Attendees:
@DavidYesheNyima - Champion, Mr. Jake Moore @Ganga_Gyatso - Developer @Lhakpa_Wangyal - Coordinator
Date: September 09, 2025
Agenda:
- Transcript Progress
- Review Process Improvements
- Whisper Model & tokeniser Development
- Next Steps and future actions
Key Discussion Points
- Team discussed about completion of reviewing work for the benchmarking transcripts. It was also outlined that reviewing task for other audio files is in progress.
- On the basis of drawbacks of reflection of details about the work progress from the Pecha tool’s speech to text, team discussed about need to have dashboard or simply a spreadsheet showing status per file: transcribed, reviewed, trashed, and percentage completion.
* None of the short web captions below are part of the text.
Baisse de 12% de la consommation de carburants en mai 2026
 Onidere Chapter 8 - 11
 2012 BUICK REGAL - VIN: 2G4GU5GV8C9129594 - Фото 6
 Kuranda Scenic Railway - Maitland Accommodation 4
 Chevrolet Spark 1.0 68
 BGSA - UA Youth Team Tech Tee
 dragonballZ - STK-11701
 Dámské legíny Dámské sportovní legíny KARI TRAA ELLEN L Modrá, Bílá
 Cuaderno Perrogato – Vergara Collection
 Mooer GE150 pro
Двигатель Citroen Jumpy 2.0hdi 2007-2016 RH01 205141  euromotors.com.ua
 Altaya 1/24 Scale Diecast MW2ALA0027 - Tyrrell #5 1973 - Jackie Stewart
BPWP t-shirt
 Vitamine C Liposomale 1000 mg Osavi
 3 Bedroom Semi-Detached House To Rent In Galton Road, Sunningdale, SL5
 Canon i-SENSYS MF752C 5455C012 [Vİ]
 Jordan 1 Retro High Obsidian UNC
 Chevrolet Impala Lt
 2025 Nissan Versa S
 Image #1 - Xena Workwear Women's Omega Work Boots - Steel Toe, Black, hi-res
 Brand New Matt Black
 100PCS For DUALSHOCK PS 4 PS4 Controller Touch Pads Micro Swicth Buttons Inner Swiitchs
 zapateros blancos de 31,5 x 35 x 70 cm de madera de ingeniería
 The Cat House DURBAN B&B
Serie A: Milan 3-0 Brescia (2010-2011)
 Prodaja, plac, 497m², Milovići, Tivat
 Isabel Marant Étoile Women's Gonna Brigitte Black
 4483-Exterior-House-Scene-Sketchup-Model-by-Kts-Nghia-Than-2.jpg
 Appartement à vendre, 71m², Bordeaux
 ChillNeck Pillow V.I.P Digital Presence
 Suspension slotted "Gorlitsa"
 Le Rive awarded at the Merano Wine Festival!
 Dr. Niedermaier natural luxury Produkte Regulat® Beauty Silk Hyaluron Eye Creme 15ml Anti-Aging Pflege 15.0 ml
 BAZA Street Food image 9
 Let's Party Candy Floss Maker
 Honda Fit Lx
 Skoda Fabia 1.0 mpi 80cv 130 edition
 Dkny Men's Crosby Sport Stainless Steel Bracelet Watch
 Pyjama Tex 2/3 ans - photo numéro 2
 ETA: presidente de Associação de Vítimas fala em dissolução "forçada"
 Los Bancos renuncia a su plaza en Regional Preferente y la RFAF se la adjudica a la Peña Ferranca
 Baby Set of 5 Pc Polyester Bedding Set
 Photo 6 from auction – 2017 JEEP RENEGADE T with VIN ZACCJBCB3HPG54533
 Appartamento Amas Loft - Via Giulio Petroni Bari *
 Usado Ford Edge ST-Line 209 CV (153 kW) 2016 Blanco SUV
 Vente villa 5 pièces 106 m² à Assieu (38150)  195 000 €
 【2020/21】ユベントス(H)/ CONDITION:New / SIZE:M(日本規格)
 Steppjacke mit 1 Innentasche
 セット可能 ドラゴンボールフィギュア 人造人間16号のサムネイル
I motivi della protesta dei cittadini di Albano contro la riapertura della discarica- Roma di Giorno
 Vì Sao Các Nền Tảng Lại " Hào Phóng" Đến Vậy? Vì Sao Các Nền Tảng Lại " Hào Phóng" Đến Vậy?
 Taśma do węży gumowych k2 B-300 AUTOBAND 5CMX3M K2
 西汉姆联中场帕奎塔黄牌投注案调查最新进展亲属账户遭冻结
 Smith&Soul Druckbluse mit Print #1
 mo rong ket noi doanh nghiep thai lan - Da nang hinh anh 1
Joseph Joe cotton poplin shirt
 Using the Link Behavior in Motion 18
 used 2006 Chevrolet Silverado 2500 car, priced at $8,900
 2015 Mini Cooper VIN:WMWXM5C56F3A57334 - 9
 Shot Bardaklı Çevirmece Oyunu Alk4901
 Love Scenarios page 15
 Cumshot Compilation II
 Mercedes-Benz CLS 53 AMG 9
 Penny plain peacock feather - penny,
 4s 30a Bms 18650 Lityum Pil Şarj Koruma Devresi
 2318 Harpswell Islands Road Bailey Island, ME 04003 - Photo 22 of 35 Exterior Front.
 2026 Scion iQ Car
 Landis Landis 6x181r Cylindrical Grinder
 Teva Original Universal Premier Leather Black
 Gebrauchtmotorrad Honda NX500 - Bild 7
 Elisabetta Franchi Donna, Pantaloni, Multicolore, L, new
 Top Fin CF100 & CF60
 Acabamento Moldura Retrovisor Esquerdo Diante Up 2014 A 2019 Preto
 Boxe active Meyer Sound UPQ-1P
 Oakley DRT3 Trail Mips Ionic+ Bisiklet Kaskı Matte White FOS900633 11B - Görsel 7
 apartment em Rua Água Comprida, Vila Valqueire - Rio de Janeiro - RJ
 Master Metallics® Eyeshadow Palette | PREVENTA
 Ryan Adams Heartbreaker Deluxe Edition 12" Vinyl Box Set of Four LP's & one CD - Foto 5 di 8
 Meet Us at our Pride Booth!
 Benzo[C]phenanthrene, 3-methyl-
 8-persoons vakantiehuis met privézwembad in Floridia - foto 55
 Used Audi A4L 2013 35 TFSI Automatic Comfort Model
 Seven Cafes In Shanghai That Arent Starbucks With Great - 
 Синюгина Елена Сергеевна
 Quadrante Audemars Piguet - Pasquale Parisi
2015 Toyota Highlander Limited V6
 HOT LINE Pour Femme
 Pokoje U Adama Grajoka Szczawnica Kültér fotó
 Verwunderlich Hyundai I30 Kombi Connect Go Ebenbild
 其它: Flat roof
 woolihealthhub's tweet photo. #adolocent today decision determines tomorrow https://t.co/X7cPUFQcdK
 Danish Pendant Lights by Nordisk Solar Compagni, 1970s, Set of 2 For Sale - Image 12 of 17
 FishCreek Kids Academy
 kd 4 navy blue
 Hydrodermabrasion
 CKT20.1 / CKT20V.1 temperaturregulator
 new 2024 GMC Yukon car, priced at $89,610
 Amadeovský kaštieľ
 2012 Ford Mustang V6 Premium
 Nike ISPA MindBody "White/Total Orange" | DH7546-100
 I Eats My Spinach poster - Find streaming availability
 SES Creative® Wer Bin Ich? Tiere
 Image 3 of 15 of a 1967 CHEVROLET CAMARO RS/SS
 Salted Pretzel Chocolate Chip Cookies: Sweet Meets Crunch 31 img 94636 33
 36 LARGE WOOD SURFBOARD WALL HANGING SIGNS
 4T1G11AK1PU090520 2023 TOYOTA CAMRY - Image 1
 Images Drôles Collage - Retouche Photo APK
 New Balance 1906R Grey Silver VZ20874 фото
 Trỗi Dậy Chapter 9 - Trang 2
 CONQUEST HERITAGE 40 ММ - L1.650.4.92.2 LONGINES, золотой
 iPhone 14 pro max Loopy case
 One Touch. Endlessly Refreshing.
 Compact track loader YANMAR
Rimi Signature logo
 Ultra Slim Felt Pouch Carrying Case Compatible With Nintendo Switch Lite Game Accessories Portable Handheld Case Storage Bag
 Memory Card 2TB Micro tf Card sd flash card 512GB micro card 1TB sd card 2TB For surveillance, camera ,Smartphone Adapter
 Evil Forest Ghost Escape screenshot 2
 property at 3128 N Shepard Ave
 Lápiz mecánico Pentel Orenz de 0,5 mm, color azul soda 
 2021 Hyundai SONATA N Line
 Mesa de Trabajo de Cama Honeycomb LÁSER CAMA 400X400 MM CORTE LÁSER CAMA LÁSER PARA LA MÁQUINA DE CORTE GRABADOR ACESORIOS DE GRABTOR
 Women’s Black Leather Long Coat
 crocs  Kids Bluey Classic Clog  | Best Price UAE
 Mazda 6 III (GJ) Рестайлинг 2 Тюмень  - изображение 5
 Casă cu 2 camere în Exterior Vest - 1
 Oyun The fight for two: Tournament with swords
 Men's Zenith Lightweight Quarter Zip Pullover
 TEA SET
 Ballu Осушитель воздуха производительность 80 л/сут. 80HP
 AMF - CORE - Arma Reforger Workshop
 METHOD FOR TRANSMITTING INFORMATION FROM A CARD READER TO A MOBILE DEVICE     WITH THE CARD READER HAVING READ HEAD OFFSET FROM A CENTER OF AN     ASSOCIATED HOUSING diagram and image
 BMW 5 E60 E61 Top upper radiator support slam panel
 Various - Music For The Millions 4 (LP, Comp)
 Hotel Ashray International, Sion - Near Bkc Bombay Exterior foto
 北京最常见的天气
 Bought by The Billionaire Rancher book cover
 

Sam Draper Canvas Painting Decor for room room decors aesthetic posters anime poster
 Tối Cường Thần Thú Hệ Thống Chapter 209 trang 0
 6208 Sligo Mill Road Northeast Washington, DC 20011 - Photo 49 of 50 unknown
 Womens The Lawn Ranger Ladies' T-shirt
Mr. David Newman emphasised strongly that there is need to have a reporting in details showing percentages of finished transcripts and reviewed task. For that Mr. Ganga Gyatso demonstrated GitHub (cron job) based bar chart based weekly visual progress tracking report. He was requested to use distinct colours, avoiding red and green and need of daily update automation by sending E-mail or Discord notification). Additionally, it was suggested to have an easy download link for srt file.
- With reference to Reviewed SRT files, it was discussed about organising into a dedicated Google Drive folder for easy access. Accordingly, Mr. Ganga Gyatso also shared the same he had prepared: [Garchen SRT files]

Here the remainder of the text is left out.